There’s still more. People and humans are not the only ones who have inhabited this earth. Creatures big and small, extinct and otherwise, have all seen the big white thing in the sky. They do not know or care what it is, but it’s there nonetheless. They’ve seen it and so have we.
Now were going back to The Beginning. The beginning that is so far behind is that is demands capitalization. Before there were people or dinosaurs or even life on the chunk of rock we have since named earth, there was the moon, still hovering silently next to Earth. Perpetually held in place by the planet’s gravity, the moon remains. There’s no one to see it, no one to acknowledge it, no one to be inspired by it, no one to not care about it. No one has an opinion of the moon because no one exists yet. Earth is quiet and pure, but lifeless. There’s nothing happening yet and nothing close to what we know today will be happening for millennia.
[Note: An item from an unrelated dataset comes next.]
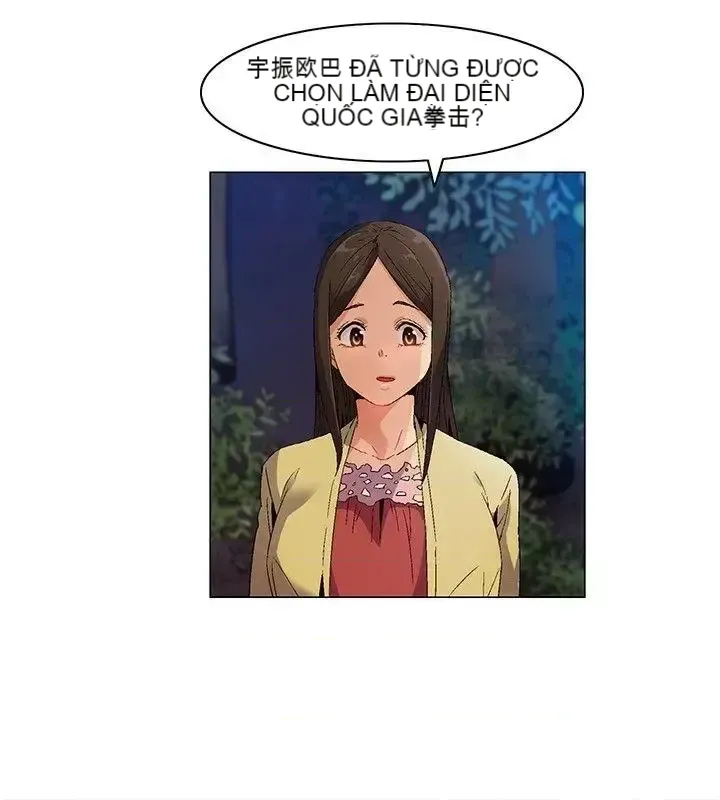 Đảo không xác định Chương 1-43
Life, as we know it or otherwise, does not exist. Not yet. But, eventually life happens and keeps happening and happening and happening until here we are, driving in cars, going to school, going to work, writing a book, listening to music, worrying about friends, and other mundane things. I am here now too, writing an article and once again, there’s hardly a thought given to the moon.
Perspective sure is a funny thing.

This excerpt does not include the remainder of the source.